Ayer me acordé de Amigo, un pastor alemán, hijo de un campeón de belleza parido en la misma Alemania. Y por partida doble. Me supo a mal el café, y no por falta de sacarina, sino por la noticia del periódico que mostraba un perro que llevaba cinco años preso a una cadena y la foto de un perro callejero de este mi pueblo, en la puerta del bar, abandonado, y famélico al que una parafarmacia desde hacía ya algunos días buscaba dueño.

Amigo fue el capricho de la Primera Comunión de mi hijo, quien se lo pidió a una prima mía, vendedora de animales, pájaros, y otros especímenes raros como pueden ser monos o invertebrados y peces exóticos.

Estoy hablando de 200.000 o 300.000 pesetas de aquellos tiempos, que era el precio de un pedigrí, carné de identidad y pasaporte -foto incluida- y chip.
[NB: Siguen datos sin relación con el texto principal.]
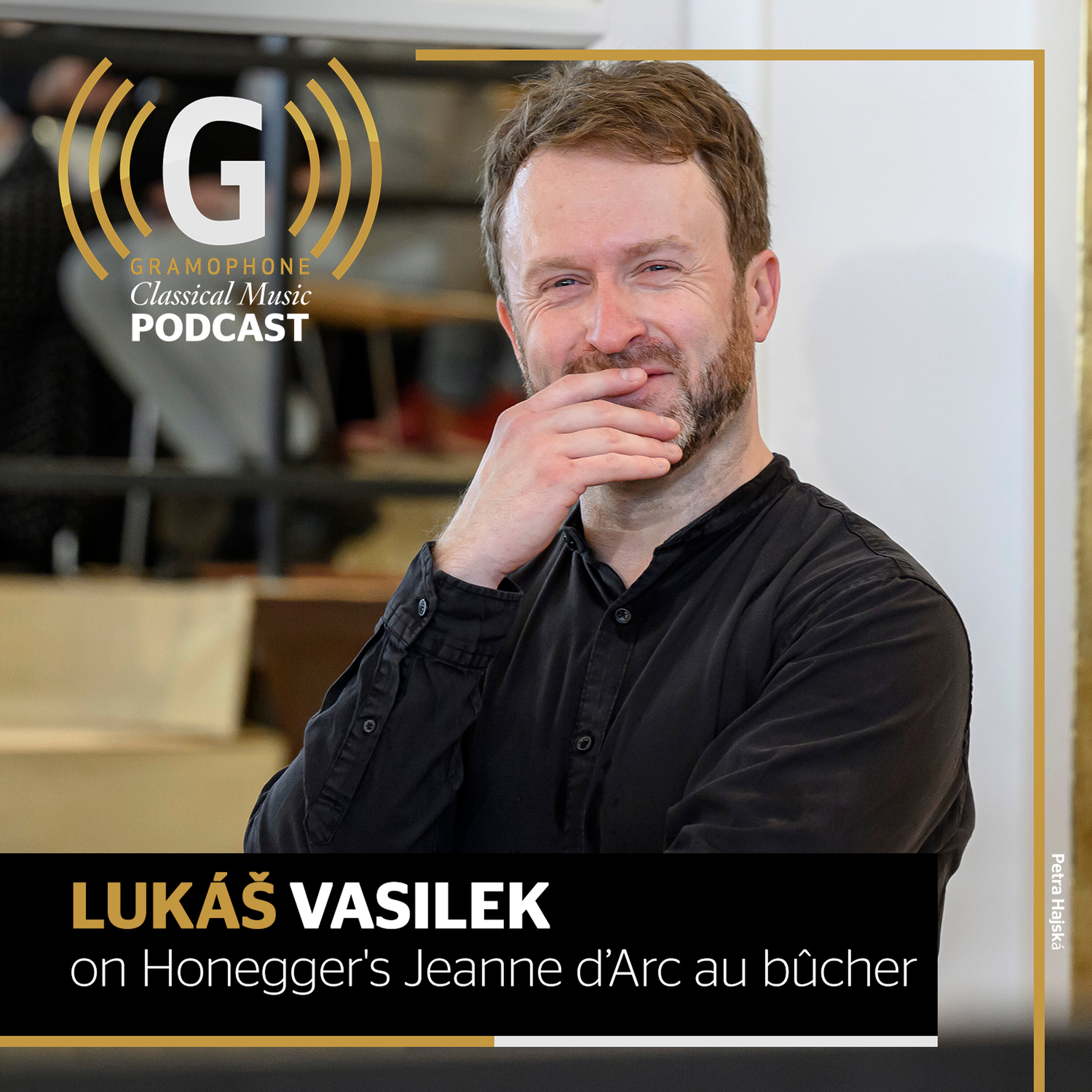 Lukáš Vasilek on Honegger's Jeanne d’Arc au bûcher Lukáš Vasilek on Honegger's Jeanne d’Arc au bûcher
Aprendió, pronto y de prisa todo lo que fui capaz de enseñarle. Y siempre para bien.

Lo que no fui capaz de quitarle fue su animadversión a todo felino que se le cruzase en el camino. Imposible.
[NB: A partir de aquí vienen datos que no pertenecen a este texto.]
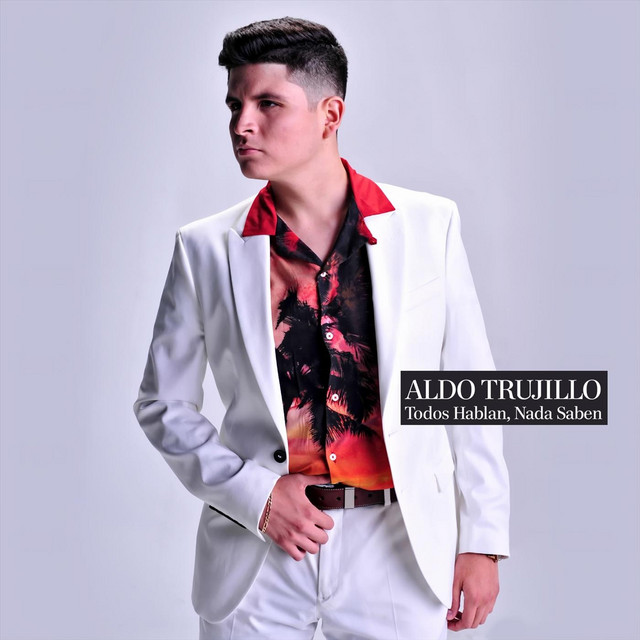 Aldo Trujillo - Todos Hablan, Nada Saben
La línea divisoria entre el respeto o cariño y el maltrato y la vejación animal, no ha dejado nunca de ser tenue, difusa, brumosa y en consecuencia muy imprecisa y confusa, hasta cierto punto a lo largo y ancho de nuestras aldeas. Ejemplos aún todavía abundan hoy con enormes cadenas y recorridos en huertas y garajes.

A veces, paseando por este mi pueblo de Negreira, me dan incluso pena algún que otro perrito chiquitín, juguete de sus dueñas, a las que se les nota grandes deficiencias en el trato que una mascota se merece.

No lo digo yo, que también, lo dice mi amigo y vecino más viejo de la parroquia, que nada es grande ni pequeño, si no es por comparación.

Sirva esto de recordatorio a un perro muy fiel y muy Amigo con el que disfruté durante unos quince años.